JR: Exactly Shaun. People around the world generally resent America and Americans for their false sense of entitlement. They love to laugh at them behind their backs. All you have to do is expose real American life. It's too easy.
SE: Ok. But lets get back to the process. What's your take on the so called Hollywood novice convention of outlines, three act structure, archetypes, and so on? You know what I mean.
JR: Yes of course. Shaun, as I say, there is a massive tertiary industry of programs, schools, books, blogs; you name it, on how to succeed in anything Hollywood related, especially acting and writing. Ironically, most everyone involved will claim there are no formulas or rules, as they then list a plethora of formulas and rules. Use an outline. Use three act structure. Use archetypes. Save the cat. Make the protagonist likeable. Give the characters an arc. In screenwriting, it's break the first act around page 17. Build the chase in the second act. Come to a climax and conclusion in third act. Pay off the first act set up in the third act.
SE: But don't most stories follow those patterns?
JR: Only American made Hollywood stories Shaun. Since Hollywood is good at international marketing, this seems to be the rule. But really it's just a proliferation of the fairy tale syndrome, which as you know, was coined by Professor Max Von Itchenstein, in his social media survey studies of world media culture.
SE: Yes of course. A brilliant survey and study.
JR: Yes of course. And banned in America.
SE: And banned in America. What is that all about?
JR: Shaun, I don't know. But I don't care. Maybe the guy is a Muslim or something. Regardless, the ban makes my work all the more marketable.
SE: On the world black market.
JR: Ha. That's funny. Yes, black market if you like.
SE: But Jon, you still haven't touched on your actual ways of writing, your structure or routine. How do you actually write when you write.
JR: Shaun, as a writer, everything I do is part of my writing, every experience every waking moment. It all feeds in.
SE: You're evading the question.
JR: Ok Shaun. Perhaps I am. Here's the thing. I have no structure, no convention, no style, nothing. I just sit down and write. What ever I write it just happens. Something comes to mind, I put it down. A story evolves. Characters evolve. There is no inherent or universal structure. It's different every time. And here's another thing. I do have successful and great writers I look up to, who I've studied, and listened to, and through the world of modern technology, you could say mentored me virtually. And in regards to your questions, none of them have any inherent structure either. When they talk about it, they may come up with something to appease the interviewer, so as not to be considered eccentric or freaky. But when pressed on it, every one of them gets there in some different personal way, often which they can't talk about, maybe because it's personal or maybe because it's irrelevant, or maybe because it's so abstract that words fail it.
SE: Words fail a writer?
JR: Yes. Absolutely. We think faster than we can write. We feel things and know that we can't express them clearly or understandably enough, and something like the meta-process of writing is like that. Think of it as maybe spiritual. Can you clearly define spiritual things in a way that is universally understood? No. What is God? There are as many answers to that question as there are people willing to attempt to answer it. Same for love. What is love? Well one answer is, God is love. So the answer to the former is "love." The answer to the latter is "God." And this leaves us with no idea of what either one is in is terms of lexical thinking. Because some things are not lexical. Some things are not even things. As humans we may have a limit to what we can understand and what we can communicate.

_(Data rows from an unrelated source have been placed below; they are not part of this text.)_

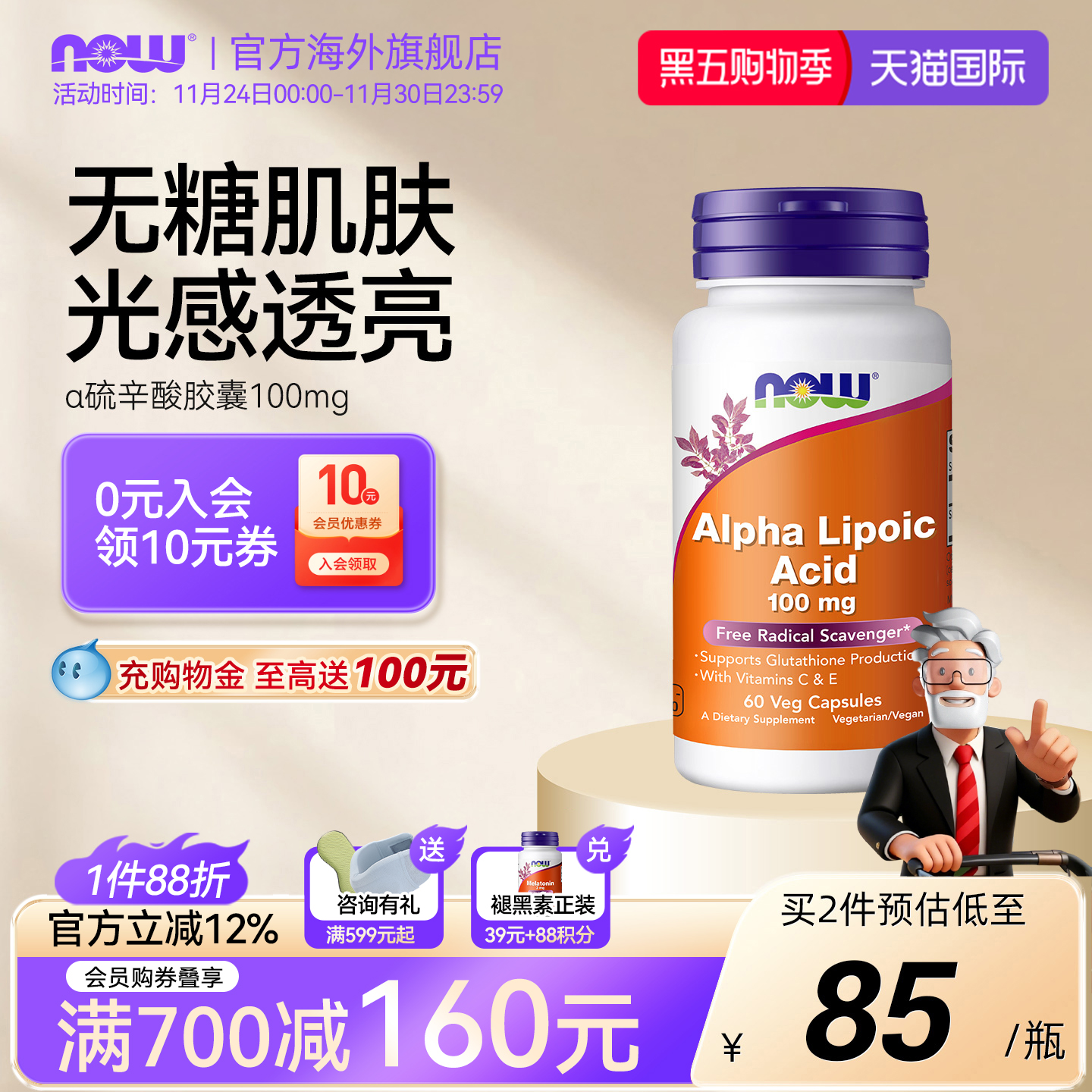 NOW硫辛酸素食胶囊100mg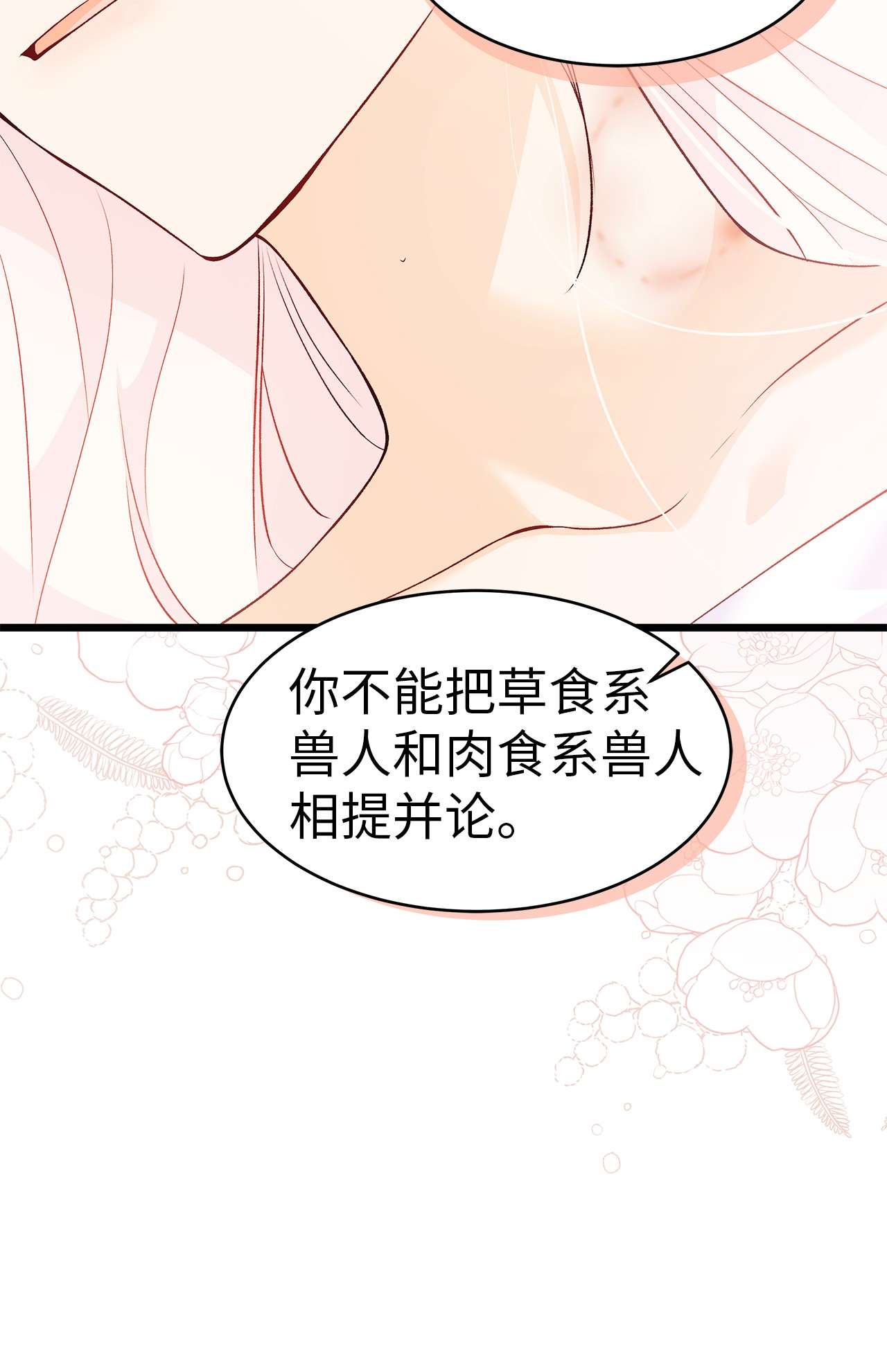 兔子与黑豹的共生关系39 咬以外的方式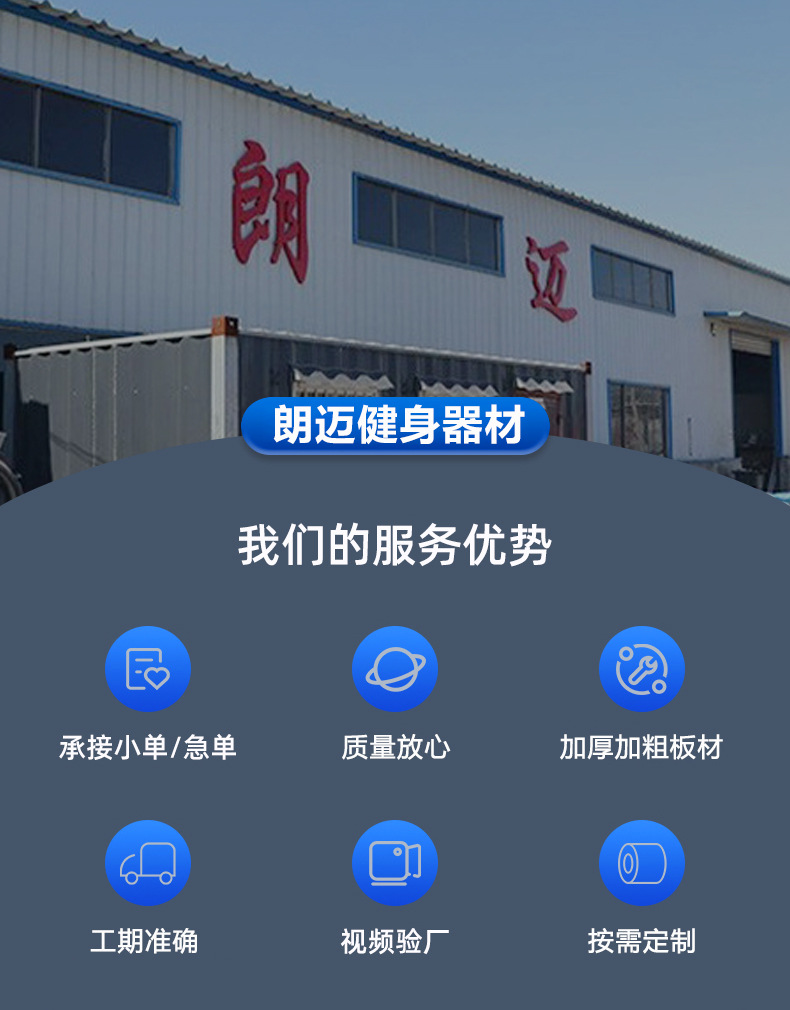 详情_01.jpg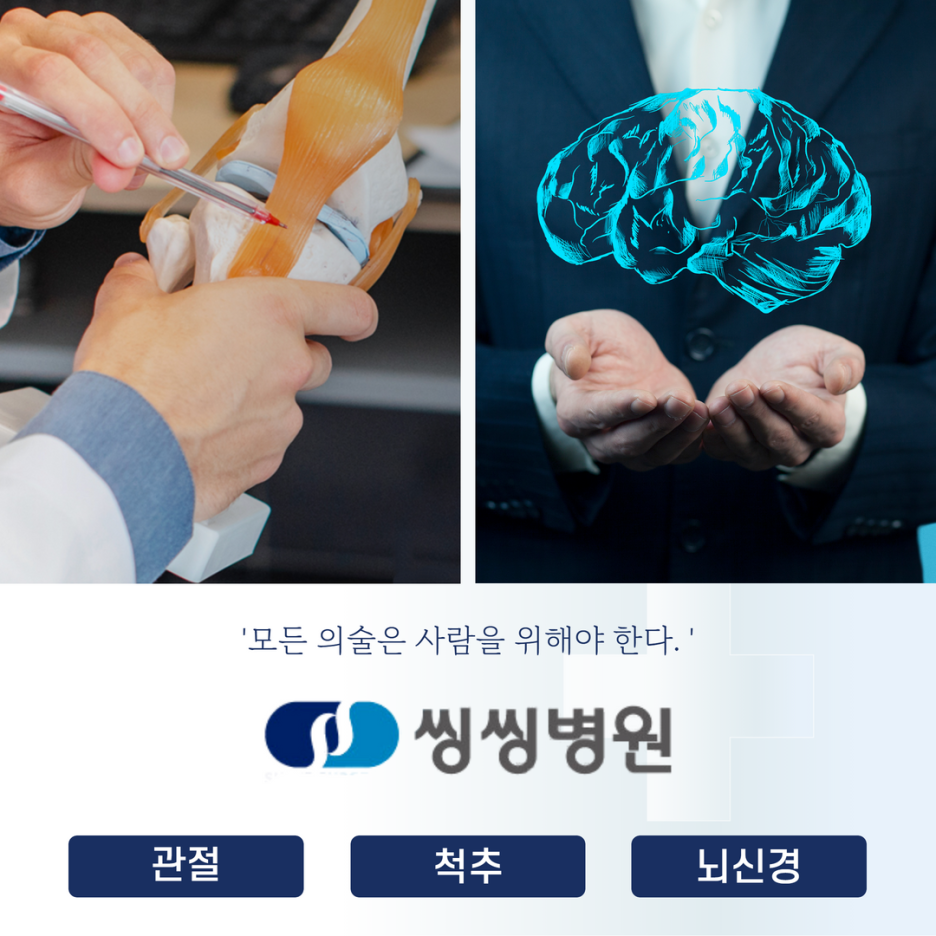 씽씽병원 이미지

SE: Jon, you could say that to answer any question you don't want to answer.
JR: Yes exactly, and that I don't know how to answer or can't answer. I admit to the limits of what I can and cannot do, or am willing to do.
SE: OK. Now my mind is reeling and I need to soak all this in. So I'm going to end it here, for now. I hope we can do this again sometime.
JR: Of course Shaun. Anything for you. It was indeed a pleasure.